What is Rhabdomyolysis?
Rhabdomyolysis is a condition where muscle breaks down and releases its contents into the blood. This can damage the kidneys and cause other serious problems.
What causes it?
- Severe injury or crush injuries.
- Extreme exercise (Especially if not used to it).
- Certain medications (Especially statins in some people).
- Alcohol or drug use.
- Infections.
- Being unconscious for a long time (Pressure on muscles).
What are the symptoms?
- Muscle pain and weakness.
- Dark urine (Tea or cola coloured).
- Feeling unwell.
- Reduced urination.
How is it treated?
- IV fluids: Large amounts of fluid through a drip to flush the kidneys.
- Monitoring: Blood tests to check kidney function and potassium levels.
- Treating the cause: Stopping offending medications, Treating infections.
- Dialysis: In severe cases if the kidneys fail.
Is it serious?
Yes, Rhabdomyolysis can be life-threatening if not treated promptly. With early treatment, Most people make a full recovery.
Primary Sources
- Huerta-Alardín AL, et al. Bench-to-bedside review: Rhabdomyolysis – An overview for clinicians. Crit Care. 2005;9(2):158-169. PMID: 15774072.
- Bosch X, et al. Rhabdomyolysis and acute kidney injury. N Engl J Med. 2009;361(1):62-72. PMID: 19571284.
- Petejova N, Martinek A. Acute kidney injury due to rhabdomyolysis and renal replacement therapy.
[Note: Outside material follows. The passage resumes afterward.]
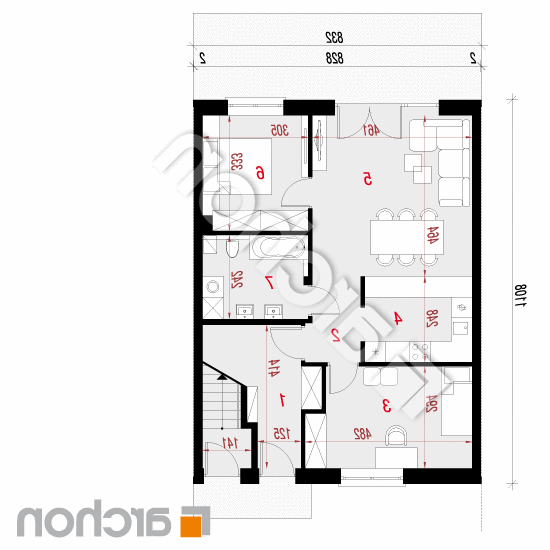 Dom w kalwilach 2 (S) | rzut parteru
Crit Care. 2014;18(3):224. PMID: 25043142.
Common Exam Questions
- Diagnostic Marker: "What is the key laboratory marker for rhabdomyolysis?"
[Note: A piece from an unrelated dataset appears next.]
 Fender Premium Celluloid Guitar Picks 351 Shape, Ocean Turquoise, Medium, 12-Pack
- Answer: Serum Creatine Kinase (CK) – Markedly elevated (>5x ULN or >1000 U/L).
- Urine Findings: "What is the classic urine finding?"
- Answer: Dipstick positive for blood, But microscopy shows no/Few RBCs (Myoglobinuria).
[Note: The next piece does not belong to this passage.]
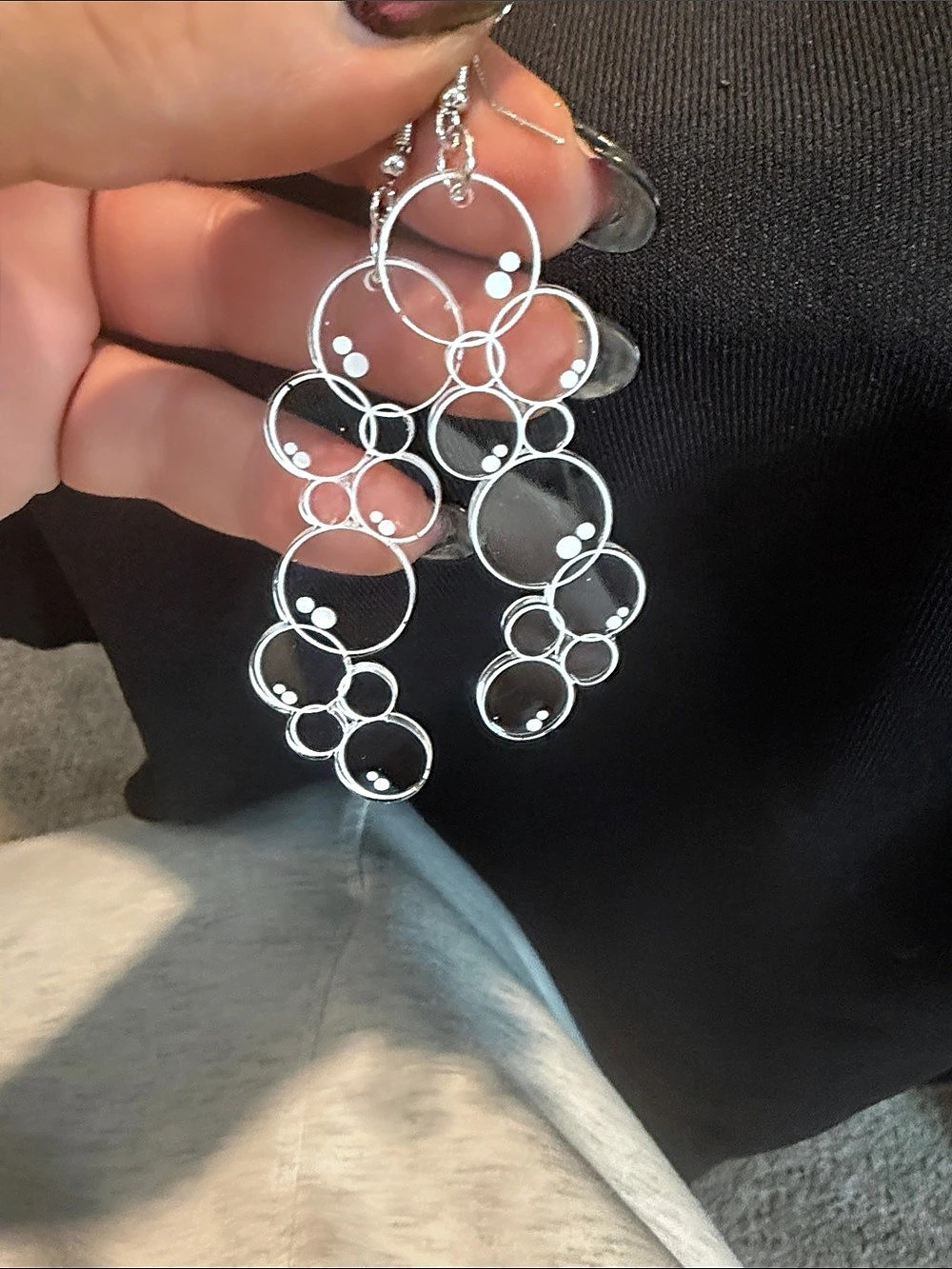 Silver-Tone Circle Link Earrings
- Key Treatment: "What is the cornerstone of rhabdomyolysis management?"
- Answer: Aggressive IV Fluid Resuscitation (Crystalloid, Aim for urine output 200-300 mL/hour).
- Life-Threatening Electrolyte Abnormality: "Which electrolyte disturbance is most immediately dangerous?"
- Answer: Hyperkalaemia (Risk of cardiac arrhythmias and arrest).
Viva Points
- Triad: Myalgia, Weakness, Dark urine (But often incomplete).
- Myoglobin Causes AKI: Direct toxicity, Tubular obstruction (Acidic urine), Vasoconstriction.
- Don't Correct Asymptomatic Hypocalcaemia: Can worsen later hypercalcaemia.
- Compartment Syndrome: May cause or result from rhabdomyolysis. Emergency fasciotomy.